Search code examples
cscanflanguage-lawyerundefined-behavior

Is it OK to pass the address of an int for scanf("%x", ...)?


Does the following code have defined beavior:

#include <stdio.h>

int main() {
    int x;
    if (scanf("%x", &x) == 1) {
        printf("decimal: %d\n", x);
    }
    return 0;
}

clang compiles it without any warnings even with all warnings enabled, including -pedantic. The C Standard seems unambiguous about this:

C17 7.21.6.2 The fscanf function

...

... the result of the conversion is placed in the object pointed to by the first argument following the format argument that has not already received a conversion result. If this object does not have an appropriate type, or if the result of the conversion cannot be represented in the object, the behavior is undefined.

...

The conversion specifiers and their meanings are:

...

x Matches an optionally signed hexadecimal integer, whose format is the same as expected for the subject sequence of the strtoul function with the value 16 for the base argument. The corresponding argument shall be a pointer to unsigned integer.

On two's complement architectures, converting -1 with %x seems to work, but it would not on ancient sign/magnitude or ones complement systems.

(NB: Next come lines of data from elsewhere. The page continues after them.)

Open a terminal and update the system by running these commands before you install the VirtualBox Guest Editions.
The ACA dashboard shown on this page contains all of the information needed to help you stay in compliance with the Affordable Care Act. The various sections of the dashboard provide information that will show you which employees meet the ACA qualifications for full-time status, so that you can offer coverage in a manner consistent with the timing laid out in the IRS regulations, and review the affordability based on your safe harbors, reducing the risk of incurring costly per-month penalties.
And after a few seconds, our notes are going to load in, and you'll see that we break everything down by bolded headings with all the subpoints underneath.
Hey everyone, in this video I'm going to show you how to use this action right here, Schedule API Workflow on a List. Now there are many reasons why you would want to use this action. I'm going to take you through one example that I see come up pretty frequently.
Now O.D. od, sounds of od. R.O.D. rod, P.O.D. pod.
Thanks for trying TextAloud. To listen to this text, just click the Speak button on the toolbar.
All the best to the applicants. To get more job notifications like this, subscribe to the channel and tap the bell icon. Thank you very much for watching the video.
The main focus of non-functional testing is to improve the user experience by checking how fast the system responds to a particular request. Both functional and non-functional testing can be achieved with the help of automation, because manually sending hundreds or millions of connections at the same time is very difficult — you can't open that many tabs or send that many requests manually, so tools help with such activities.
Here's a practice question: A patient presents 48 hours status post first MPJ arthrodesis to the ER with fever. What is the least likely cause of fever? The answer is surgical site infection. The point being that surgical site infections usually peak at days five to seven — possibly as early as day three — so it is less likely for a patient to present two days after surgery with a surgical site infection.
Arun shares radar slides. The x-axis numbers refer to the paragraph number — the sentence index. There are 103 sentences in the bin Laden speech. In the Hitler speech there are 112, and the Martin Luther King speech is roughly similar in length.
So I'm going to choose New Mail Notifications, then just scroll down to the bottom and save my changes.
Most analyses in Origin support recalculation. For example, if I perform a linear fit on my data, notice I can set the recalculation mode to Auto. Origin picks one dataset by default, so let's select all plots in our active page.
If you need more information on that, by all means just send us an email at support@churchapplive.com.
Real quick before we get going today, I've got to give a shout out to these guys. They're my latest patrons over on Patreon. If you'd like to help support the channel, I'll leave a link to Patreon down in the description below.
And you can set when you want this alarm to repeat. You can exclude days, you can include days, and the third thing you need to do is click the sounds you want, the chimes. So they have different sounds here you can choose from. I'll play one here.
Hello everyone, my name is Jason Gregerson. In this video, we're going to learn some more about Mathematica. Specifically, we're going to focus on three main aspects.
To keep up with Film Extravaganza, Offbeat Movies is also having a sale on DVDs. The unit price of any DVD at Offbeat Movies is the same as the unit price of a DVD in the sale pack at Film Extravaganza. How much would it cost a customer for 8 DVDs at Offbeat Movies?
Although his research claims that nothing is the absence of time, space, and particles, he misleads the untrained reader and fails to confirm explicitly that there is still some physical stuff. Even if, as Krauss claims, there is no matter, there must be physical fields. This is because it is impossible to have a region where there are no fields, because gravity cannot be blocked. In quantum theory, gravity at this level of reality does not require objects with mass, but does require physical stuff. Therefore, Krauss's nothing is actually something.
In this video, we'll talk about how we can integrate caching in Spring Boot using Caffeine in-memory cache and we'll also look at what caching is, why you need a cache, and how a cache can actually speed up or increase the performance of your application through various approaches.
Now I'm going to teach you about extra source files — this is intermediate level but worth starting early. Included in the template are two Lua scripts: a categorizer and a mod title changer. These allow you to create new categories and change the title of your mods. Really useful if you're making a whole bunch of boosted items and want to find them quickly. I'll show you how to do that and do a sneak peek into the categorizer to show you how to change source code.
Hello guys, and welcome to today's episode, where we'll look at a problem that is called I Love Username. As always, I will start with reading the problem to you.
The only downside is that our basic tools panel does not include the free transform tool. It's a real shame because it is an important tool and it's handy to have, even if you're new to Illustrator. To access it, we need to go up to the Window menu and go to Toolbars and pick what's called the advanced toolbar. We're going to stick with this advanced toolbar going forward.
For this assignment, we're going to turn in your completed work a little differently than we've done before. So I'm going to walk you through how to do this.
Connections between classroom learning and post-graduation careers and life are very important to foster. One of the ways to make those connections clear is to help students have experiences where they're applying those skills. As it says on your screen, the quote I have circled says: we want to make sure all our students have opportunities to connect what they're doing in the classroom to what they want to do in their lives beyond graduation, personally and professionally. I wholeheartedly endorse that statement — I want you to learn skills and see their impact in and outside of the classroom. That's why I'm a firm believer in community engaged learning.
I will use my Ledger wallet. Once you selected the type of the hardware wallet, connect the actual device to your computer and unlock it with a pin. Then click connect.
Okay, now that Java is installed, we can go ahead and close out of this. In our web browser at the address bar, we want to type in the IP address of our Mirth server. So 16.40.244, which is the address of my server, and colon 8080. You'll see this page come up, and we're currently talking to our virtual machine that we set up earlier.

Is there any provision to make this behavior defined or at least implementation defined?


Solution

  • This falls in the category of behaviors which quality implementations should support unless they document a good reason for doing otherwise, but which the Standard does not mandate. The authors of the Standard seem to have refrained from trying to list all such behaviors, and there are at least three good reasons for that:

    1. Doing so would have made the Standard longer, and spending ink describing obvious behaviors that readers would expect anyway would distract from the places where the Standard needed to call readers' attention to things that they might not otherwise expect.

    2. The authors of the Standard may not have wanted to preclude the possibility that an implementation might have a good reason for doing something unusual. I don't know whether that was a consideration in your particular case, but it could have been.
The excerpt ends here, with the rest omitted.